The Arlington City Council recently approved a construction contract for up to $9.2 million with Steele & Freeman, which has built two other fire stations within the city. Arlington voters approved funding to rebuild the City’s oldest fire station as part of the 2014 Bond Program.
The two-story, 17,667-square-foot station will replace the existing Fire Station No. 1, which originally opened in 1954 and has gone through various remodels over the decades. Fire Department response times are not expected to be affected during demolition of the existing building and construction of the new station, which is set to open in 2023, Assistant Fire Chief Jonathan Ingols said.
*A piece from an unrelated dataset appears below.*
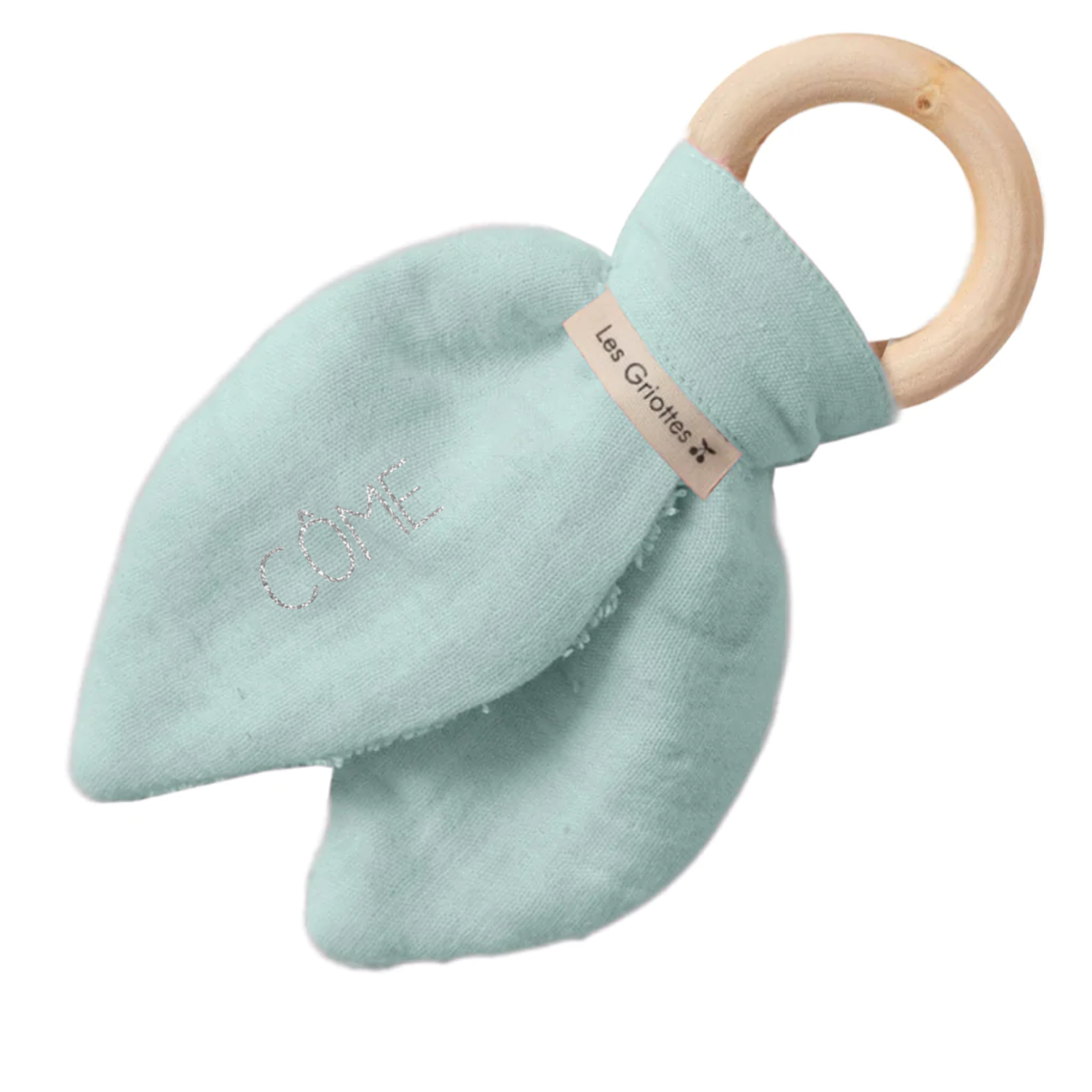 Anneau dentition Bébé Vert amande personnalisé Gaze de coton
Fire Station No. 1 crews will temporarily work from nearby fire stations No. 3 and No. 4.
The future facility is designed to provide a better work and living space for Arlington’s firefighters. Features will include five larger, drive-thru apparatus bays that can hold more equipment, training areas and indoor and outdoor kennels for the Fire Department’s K9 Unit, a full kitchen and a dining room, and various offices.
The station will also include a public space for community events and meetings as well as a museum area where residents can learn about the Arlington Fire Department’s history and accomplishments and see historical items up close, such as an antique fire engine.
“It’s going to have a community center where citizens can come and see some of the history of the Fire Department and be more active with us, Ingols said. “All in all, we are trying to put a building together that is going to be more efficient and better for the citizens and the firefighters who work here.”
Living quarters for the station’s three shift crews, who each spend 24 hours working from the Downtown station, will also be an improvement. Firefighters on shift will no longer have to share an open dormitory space. The second story of the new station will offer 12 private dorm rooms and separate men’s and women’s bathrooms with showers.
The new station’s design also includes several energy-saving features, including Low-E windows with a solar ban coating, a mechanical system with variable refrigerant volume, low-flow plumbing fixtures, and native landscaping that requires minimal irrigation systems.